EleutherAI / lm-evaluation-harness

A framework for few-shot evaluation of language models.
https://www.eleuther.ai
MIT License
6.35k stars 1.68k forks source link

Compatibility with Models from PyReft Library #2012

Open crux82 opened 2 months ago

crux82 commented 2 months ago

Hi everyone,

First, I'm sorry if this issue has already been raised.

I wanted to ask if the framework supports models obtained through the PyReft library (https://github.com/stanfordnlp/pyreft). Currently, in lm-eval, there is support for models obtained by applying LoRA through PEFT, but I haven’t found any information regarding loading models obtained via LoReft.

Is there anyone who can help me with this?

Thank you for your time and help!

haileyschoelkopf commented 2 months ago

Hi there! Thanks for your interest.

PyREFT is a very cool project, but I think ultimately we can't support every external library / option without making either the maintenance overhead too high or making the code far less modifiable for a majority of users. I'm therefore disinclined to add this as a feature natively, though if many users request it or say a wide variety of ready-to-use REFTs are available on the HF hub then perhaps we can reconsider.

I'd recommend modifying the __main__.py script (or your own script that calls lm_eval.evaluate() or lm_eval.simple_evaluate() to apply the Reft modules / interventions to a loaded HF model, and pass that initialized HF model to initialize HFLM(pretrained=my_loaded_reft_model) . Or to subclass and override the relevant logic in lm_eval.models.huggingface.HFLM if that's more convenient. It should not be a significant quantity of code change! See e.g. https://github.com/state-spaces/mamba/blob/main/evals/lm_harness_eval.py for a minimal example of how this might be done. Hope this is helpful!

Might leave this issue open for now so that others can express interest if it's an often-requested feature though.

crux82 commented 2 months ago

Hi @haileyschoelkopf,

Thank you very much for your prompt and detailed response. I completely understand that it's almost impossible to support every new model or library out there.

Regarding your suggestions, I found the example at https://github.com/state-spaces/mamba/blob/main/evals/lm_harness_eval.py quite helpful. However, I'm still missing some contextual information to confidently proceed with customizing the library for a specific model.

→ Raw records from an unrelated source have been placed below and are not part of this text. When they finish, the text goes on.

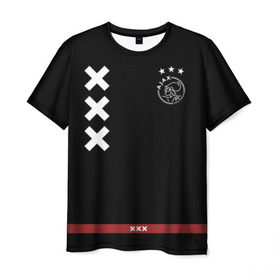 Мужская футболка 3D с принтом Ajax Amsterdam в Тюмени, 100% полиэфир | прямой крой, круглый вырез горловины, длина до линии бедер | Тематика изображения на принте: ajax | амстердам | аякс | футбол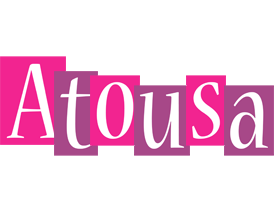 Atousa whine logo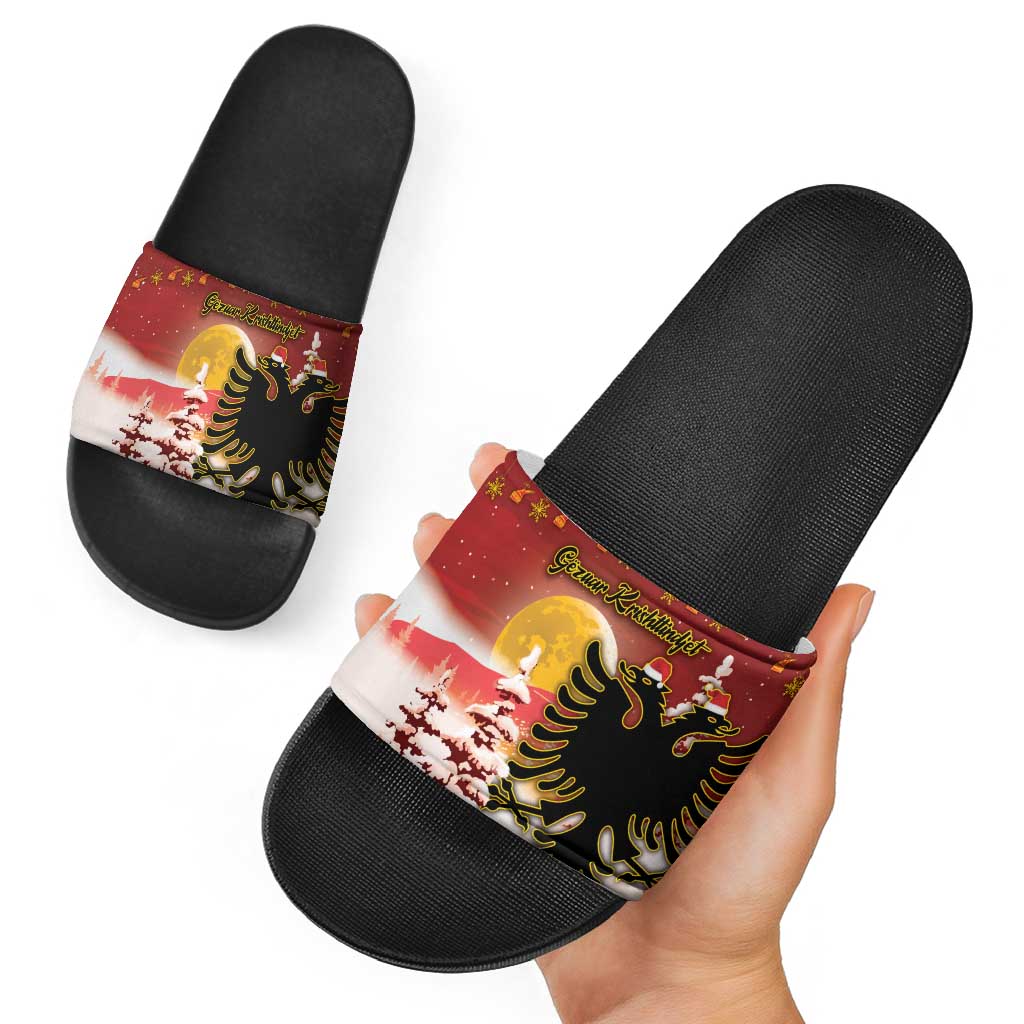 Albania Christmas Slide Sandals Gezuar Krishtlindjet - Wonder Print Shop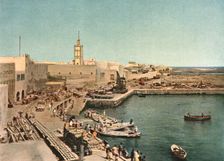 'Port de Casablanca; Afrique du nord 1914. Creator: Jules Gervais-Courtellemont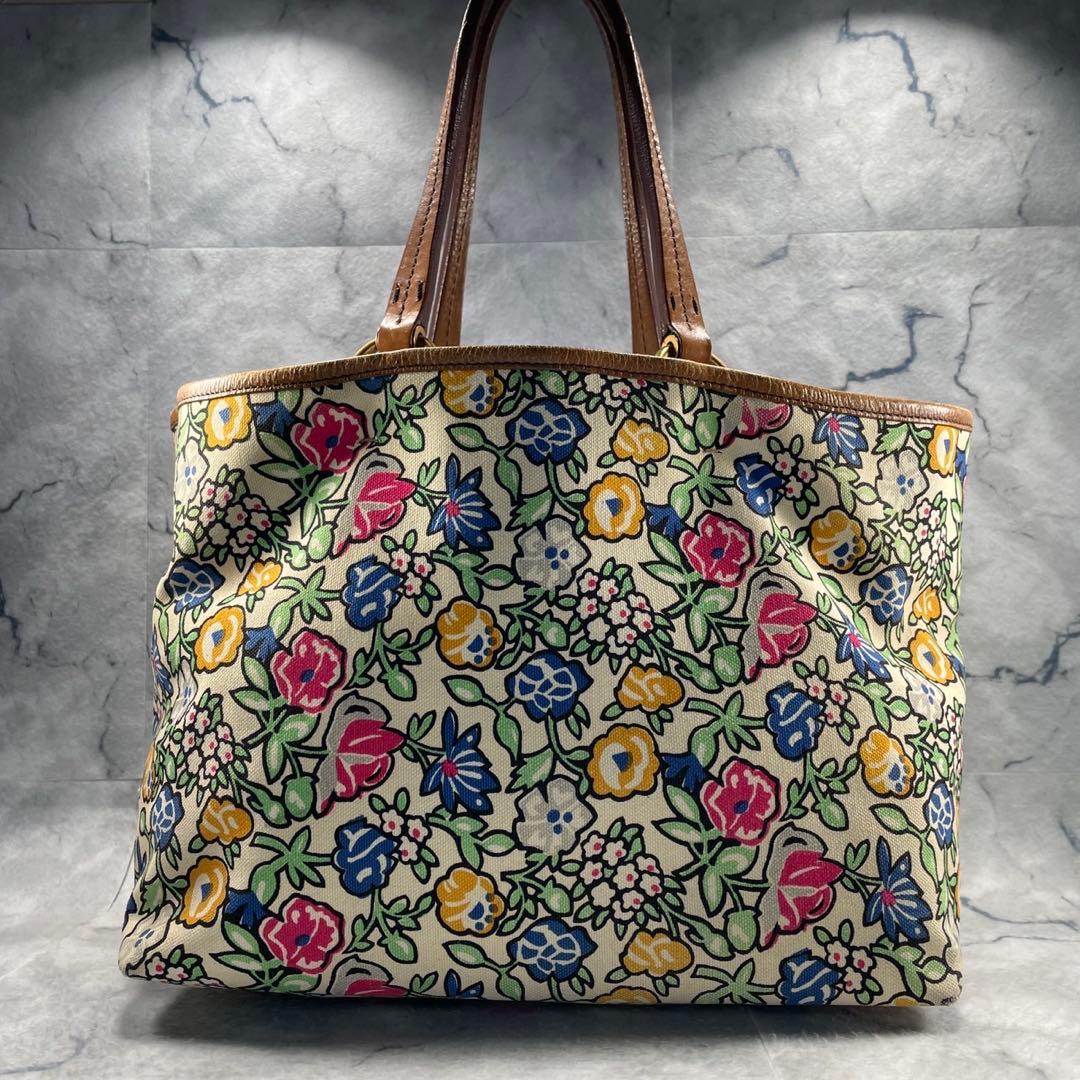 希少✨ MIUMIU トートバッグ 2000s 花柄 キャンバス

Would it be possible to provide a minimal guide or some additional support for writing a main script? For instance, inspired by the tutorial for loading REFT models available at the following link:

https://medium.com/@syed_hasan/finetuning-llama-3-using-reft-representation-fine-tuning-technique-00f4fe1f497c

In this tutorial, the model is essentially loaded with:

import torch, transformers, pyreft
device = "cuda"

model_name_or_path = "meta-llama/Meta-Llama-3-8B"
model = transformers.AutoModelForCausalLM.from_pretrained(
    model_name_or_path, torch_dtype=torch.bfloat16, device_map=device)

reft_model = pyreft.ReftModel.load(
    "Syed-Hasan-8503/Llama-3-openhermes-reft", model, from_huggingface_hub=True
)

reft_model.set_device("cuda")

And used with:

instruction = "A rectangular garden has a length of 25 feet and a width of 15 feet. If you want to build a fence around the entire garden, how many feet of fencing will you need?"

# tokenize and prepare the input
prompt = prompt_no_input_template % instruction
prompt = tokenizer(prompt, return_tensors="pt").to(device)

base_unit_location = prompt["input_ids"].shape[-1] - 1  # last position
_, reft_response = reft_model.generate(
    prompt, unit_locations={"sources->base": (None, [[[base_unit_location]]])},
    intervene_on_prompt=True, max_new_tokens=512, do_sample=True, 
    eos_token_id=tokenizer.eos_token_id, early_stopping=True
)
print(tokenizer.decode(reft_response[0], skip_special_tokens=True))

I'd appreciate any guidance or resources you could provide to help with integrating REFT models into the lm-eval framework. This could also serve as a first script to be added to the examples section, benefiting other users with similar needs.

Thank you again for your time and assistance!

haileyschoelkopf commented 2 months ago

The Mamba example is pretty nice in that you can simply call cli_evaluate() and not hack any of the rest of the script.

I'd recommend in this instance subclassing HFLM, and overwriting the _create_model() method to include the logic that you put there for loading an REFT model! That'd be the simplest.

crux82 commented 2 months ago

Great! I also assume that I need to overwrite the _model_generate() method. Or not?

LSinev commented 2 months ago

For cases that can be solved with subclass of LM class, ability to load them in the way like included tasks might be a solution. But this functionality is still awaiting PRs: https://github.com/EleutherAI/lm-evaluation-harness/issues/1457

crux82 commented 2 months ago

Hi, @LSinev! I think the solution suggested by @haileyschoelkopf can be "easy".

I think that I need to reimplement the init and the _model_call() method.